Die Bürgenhaftung erscheint auch nicht deshalb als unangemessen, weil dem Haupt­un­ter­nehmer keine Möglichkeiten zur Verfügung stünden, um sich vor der Inanspruchnahme durch die Arbeitnehmer zu schützen. Nach der verfas­sungs­rechtlich nicht zu beanstandenden Vorstellung des Gesetzgebers soll sich der Haupt­un­ter­nehmer gerade darum bemühen, nur Nachunternehmer zu beauftragen, die eine größtmögliche Gewähr für die Erfüllung der Mindest­lohn­ansprüche der Arbeitnehmer bieten. Eine Unzumutbarkeit der Bürgenhaftung folgt auch nicht daraus, dass sie dem Haupt­un­ter­nehmer verschul­den­su­n­ab­hängig ohne hinreichende Verant­wor­tungs­be­ziehung zu dem die Haftung auslösenden Sachverhalt auferlegt würde.
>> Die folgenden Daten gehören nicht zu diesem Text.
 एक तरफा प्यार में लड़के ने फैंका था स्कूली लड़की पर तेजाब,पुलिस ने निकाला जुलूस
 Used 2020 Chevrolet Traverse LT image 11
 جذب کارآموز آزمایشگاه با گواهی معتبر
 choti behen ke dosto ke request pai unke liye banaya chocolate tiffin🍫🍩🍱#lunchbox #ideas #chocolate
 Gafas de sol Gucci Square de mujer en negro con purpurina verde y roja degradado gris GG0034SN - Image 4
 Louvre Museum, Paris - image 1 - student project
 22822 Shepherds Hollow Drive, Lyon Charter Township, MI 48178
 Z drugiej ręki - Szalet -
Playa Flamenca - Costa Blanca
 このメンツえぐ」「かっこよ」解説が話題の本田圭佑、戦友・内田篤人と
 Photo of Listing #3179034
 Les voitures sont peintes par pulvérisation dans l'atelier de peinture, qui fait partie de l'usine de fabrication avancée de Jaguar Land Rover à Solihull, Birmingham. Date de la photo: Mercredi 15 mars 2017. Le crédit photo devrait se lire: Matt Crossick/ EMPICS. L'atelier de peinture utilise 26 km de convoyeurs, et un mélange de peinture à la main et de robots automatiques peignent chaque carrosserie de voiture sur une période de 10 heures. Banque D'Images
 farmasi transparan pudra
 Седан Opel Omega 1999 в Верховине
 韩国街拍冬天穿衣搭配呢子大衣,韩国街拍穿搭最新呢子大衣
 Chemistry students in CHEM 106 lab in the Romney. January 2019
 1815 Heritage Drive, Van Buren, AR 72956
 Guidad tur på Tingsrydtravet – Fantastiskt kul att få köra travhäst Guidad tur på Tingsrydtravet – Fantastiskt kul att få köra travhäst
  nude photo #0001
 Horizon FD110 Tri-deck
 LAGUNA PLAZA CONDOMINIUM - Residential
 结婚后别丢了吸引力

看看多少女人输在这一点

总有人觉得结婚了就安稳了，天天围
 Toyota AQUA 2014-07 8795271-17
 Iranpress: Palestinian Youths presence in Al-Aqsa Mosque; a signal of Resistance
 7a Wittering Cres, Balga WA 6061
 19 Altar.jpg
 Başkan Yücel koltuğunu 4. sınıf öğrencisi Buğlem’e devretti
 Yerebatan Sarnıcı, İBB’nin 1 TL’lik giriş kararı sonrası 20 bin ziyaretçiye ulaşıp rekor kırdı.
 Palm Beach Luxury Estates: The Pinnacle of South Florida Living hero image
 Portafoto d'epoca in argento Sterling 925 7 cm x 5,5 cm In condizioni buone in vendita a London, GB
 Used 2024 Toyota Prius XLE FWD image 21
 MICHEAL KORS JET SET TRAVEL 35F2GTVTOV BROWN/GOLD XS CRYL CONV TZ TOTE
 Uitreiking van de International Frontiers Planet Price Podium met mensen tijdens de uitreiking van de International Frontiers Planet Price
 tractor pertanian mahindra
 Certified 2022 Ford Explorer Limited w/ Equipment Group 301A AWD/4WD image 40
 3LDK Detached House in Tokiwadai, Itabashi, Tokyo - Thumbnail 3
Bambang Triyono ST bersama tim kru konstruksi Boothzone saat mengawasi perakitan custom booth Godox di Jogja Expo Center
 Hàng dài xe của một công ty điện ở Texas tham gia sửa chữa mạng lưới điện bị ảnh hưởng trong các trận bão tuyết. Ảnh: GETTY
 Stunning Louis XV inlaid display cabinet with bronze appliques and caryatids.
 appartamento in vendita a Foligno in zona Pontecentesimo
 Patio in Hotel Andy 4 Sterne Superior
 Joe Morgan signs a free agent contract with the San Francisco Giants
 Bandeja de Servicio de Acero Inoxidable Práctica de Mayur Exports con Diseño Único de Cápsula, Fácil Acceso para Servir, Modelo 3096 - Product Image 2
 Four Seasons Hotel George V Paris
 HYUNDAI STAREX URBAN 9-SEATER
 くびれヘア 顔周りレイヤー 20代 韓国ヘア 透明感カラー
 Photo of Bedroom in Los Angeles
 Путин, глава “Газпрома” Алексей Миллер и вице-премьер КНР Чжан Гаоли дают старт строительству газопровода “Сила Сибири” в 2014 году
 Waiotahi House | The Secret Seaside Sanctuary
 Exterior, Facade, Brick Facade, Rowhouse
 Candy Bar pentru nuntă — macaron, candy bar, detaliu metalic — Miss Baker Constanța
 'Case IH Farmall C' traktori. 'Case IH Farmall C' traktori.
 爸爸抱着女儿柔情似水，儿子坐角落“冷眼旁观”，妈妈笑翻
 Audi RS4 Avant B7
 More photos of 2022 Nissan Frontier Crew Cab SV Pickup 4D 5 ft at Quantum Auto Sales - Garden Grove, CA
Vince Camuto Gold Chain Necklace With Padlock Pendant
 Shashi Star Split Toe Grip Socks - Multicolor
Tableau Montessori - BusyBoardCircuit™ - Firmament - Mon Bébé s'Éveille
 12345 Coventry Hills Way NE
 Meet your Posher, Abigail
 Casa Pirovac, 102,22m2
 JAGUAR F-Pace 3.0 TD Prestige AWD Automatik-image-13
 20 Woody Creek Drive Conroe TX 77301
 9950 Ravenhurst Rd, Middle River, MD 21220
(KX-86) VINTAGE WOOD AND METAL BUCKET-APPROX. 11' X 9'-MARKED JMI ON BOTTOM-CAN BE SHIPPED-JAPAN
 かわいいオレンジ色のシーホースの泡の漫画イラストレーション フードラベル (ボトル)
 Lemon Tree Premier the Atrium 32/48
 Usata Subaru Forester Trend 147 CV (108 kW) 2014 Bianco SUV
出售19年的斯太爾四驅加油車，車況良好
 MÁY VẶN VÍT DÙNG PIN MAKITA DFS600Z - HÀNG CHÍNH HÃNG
Erfüllt der vom Haupt­un­ter­nehmer beauftragte Nachunternehmer die Mindest­lohn­ansprüche seiner Arbeitnehmer nicht, verwirklicht sich genau das zusätzliche Risiko, das der Haupt­un­ter­nehmer geschaffen hat, indem er sich des Nachun­ter­nehmers zur Ausführung der von ihm geschuldeten, aber nicht durch eigene Arbeitnehmer erbrachten Bauleistungen bedient hat.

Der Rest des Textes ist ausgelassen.